→ Required work:
Copy the lines below verbatim, but only from the line containing "Hartwick College alumni" through the end of the data.

→ Supplied material:

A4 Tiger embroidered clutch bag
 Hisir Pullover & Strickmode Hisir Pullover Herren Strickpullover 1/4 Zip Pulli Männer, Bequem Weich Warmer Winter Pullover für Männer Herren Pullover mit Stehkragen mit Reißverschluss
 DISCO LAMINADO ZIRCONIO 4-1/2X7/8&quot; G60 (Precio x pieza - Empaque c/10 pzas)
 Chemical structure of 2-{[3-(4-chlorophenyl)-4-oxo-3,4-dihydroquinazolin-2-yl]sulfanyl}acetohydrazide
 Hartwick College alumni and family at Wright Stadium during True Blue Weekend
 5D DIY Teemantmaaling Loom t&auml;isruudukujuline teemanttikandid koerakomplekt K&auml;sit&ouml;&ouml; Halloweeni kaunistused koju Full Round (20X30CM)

→ Exercise solution:
 Hartwick College alumni and family at Wright Stadium during True Blue Weekend
 5D DIY Teemantmaaling Loom t&auml;isruudukujuline teemanttikandid koerakomplekt K&auml;sit&ouml;&ouml; Halloweeni kaunistused koju Full Round (20X30CM)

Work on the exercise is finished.